WHAT THE TASK ASKS:
Print word for word the first line of the listing below and every line after it, through the line with "Hello everyone. This". Leave out the pictures and the rest.

INFORMATION PROVIDED:

***

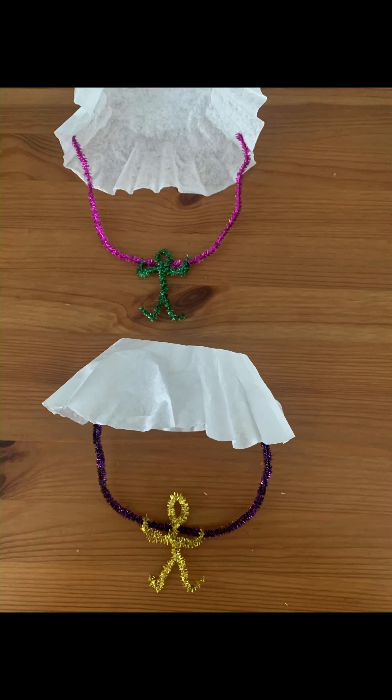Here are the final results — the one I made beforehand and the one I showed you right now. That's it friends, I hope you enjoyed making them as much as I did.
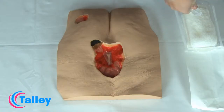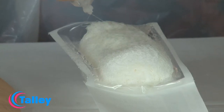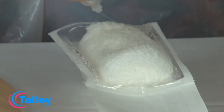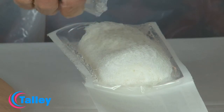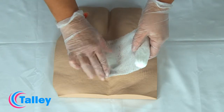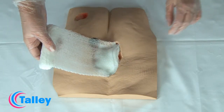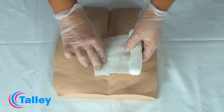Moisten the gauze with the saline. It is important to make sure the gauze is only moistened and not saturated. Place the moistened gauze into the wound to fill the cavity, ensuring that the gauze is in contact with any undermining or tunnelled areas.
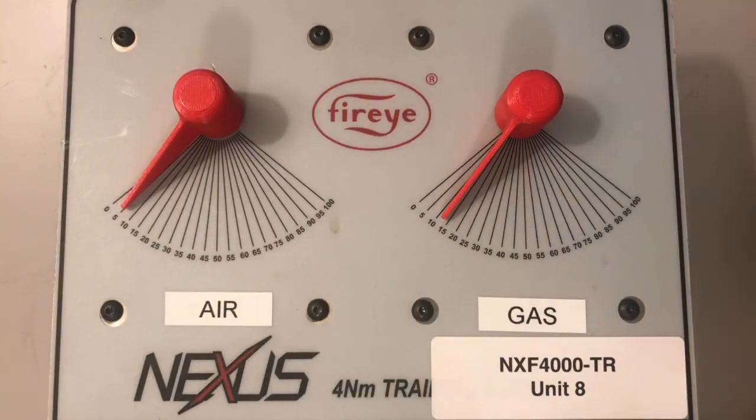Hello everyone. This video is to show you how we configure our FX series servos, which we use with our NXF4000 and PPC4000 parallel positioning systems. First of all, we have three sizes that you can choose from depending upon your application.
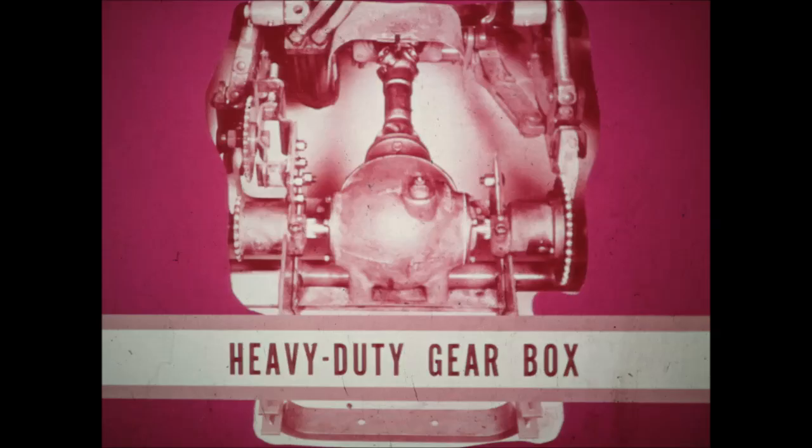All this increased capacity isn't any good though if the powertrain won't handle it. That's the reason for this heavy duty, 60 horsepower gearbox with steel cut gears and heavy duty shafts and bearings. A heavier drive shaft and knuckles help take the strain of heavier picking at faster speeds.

***

ANSWER SPACE:
Here are the final results — the one I made beforehand and the one I showed you right now. That's it friends, I hope you enjoyed making them as much as I did.
Moisten the gauze with the saline. It is important to make sure the gauze is only moistened and not saturated. Place the moistened gauze into the wound to fill the cavity, ensuring that the gauze is in contact with any undermining or tunnelled areas.
Hello everyone. This video is to show you how we configure our FX series servos, which we use with our NXF4000 and PPC4000 parallel positioning systems. First of all, we have three sizes that you can choose from depending upon your application.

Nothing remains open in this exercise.